Estranhei ouvi-lo recitar Fernando Pessoa, mas ele continuava: «Realmente, diante deste mar é só o que apetece dizer… Eu nem conheço o homem que disse isto, mas acho que é um pescador que costuma parar muito por aqui. Foi o que me contaram. Acho que ele vem aqui muito e está sempre a dizer isto. Coitado… Também já podia dizer outra coisa. O mar é uma fonte de inspiração, não acham? Basta olhar para ele e dizemos coisas dessas. Para dizer a verdade, até já ouvi pessoas a dizerem coisas bem melhores que essas. Claro que se o mar é salgado é porque tem sal, não é verdade?».
É claro que os amigos acenavam com a cabeça, para mostrarem que estavam todos de acordo com ele.
Eu estava deliciada a ouvi-lo – e tenho a certeza de que o Fernando Pessoa, esteja ele onde estiver, também deve ter gostado muito do que ouviu.
Realmente, muitas das “Lágrimas de Portugal” têm a ver com os que, tão bem recordaste, nos vão deixando, mas que serão eternamente recordados através da obra que nos deixaram.

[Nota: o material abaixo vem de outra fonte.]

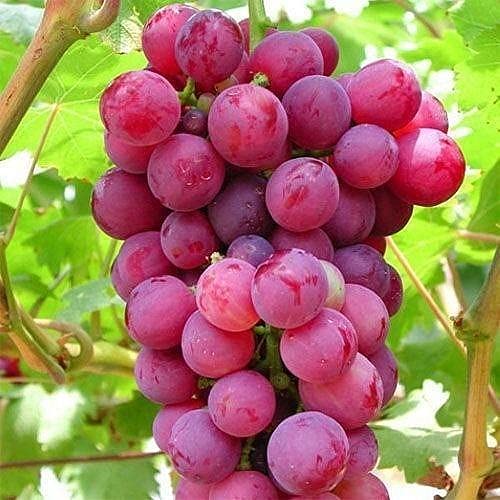 Germination and Planting Guide for Red Globe Grape Seeds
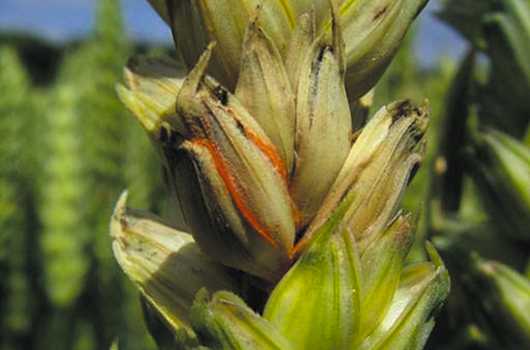 Фгбу северо-кавказская мвл - фузариоз колоса пшеницы.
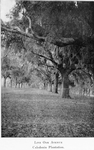 Live Oak Avenue, Caledonia Plantation.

Escusado será dizer que no dia 1 de janeiro vi imensa gente a ir ao “primeiro banho do ano” nas gélidas águas da Ericeira.

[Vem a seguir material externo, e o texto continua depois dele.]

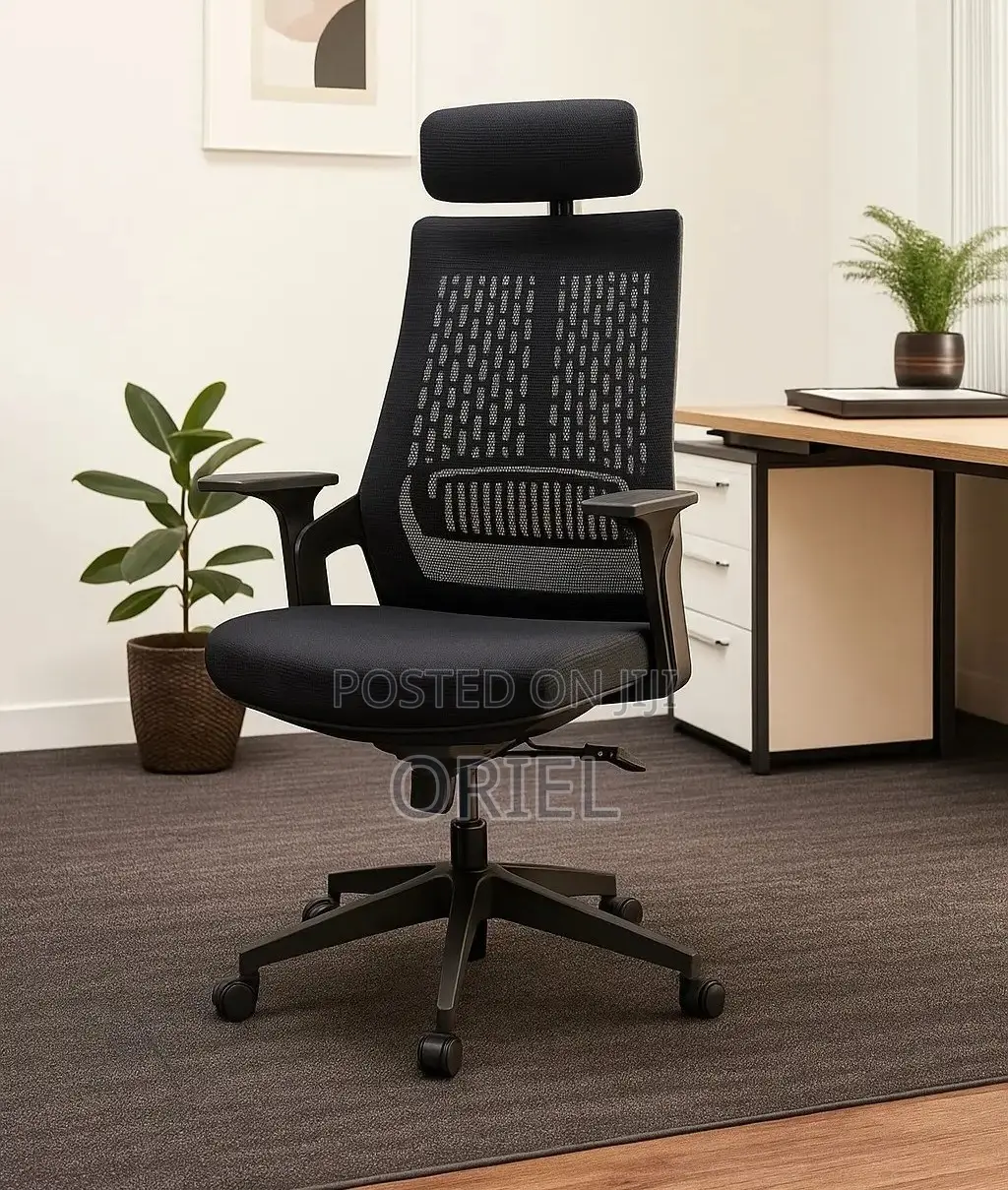 Modern Office Chair : Orthopedic Office Chair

Este ritual é para muitos como um momento para fazer balanços, mas também como assinalar um recomeço.
O meu, como sabes, é sempre romãs em casa, que vou renovando de ano para ano. A romã não é um fruto fácil! Fazem-me lembrar algumas pessoas. Difíceis por fora, fechadas sobre si mesmas, mas extraordinárias quando se revelam. Só temos de aprender a lidar com elas.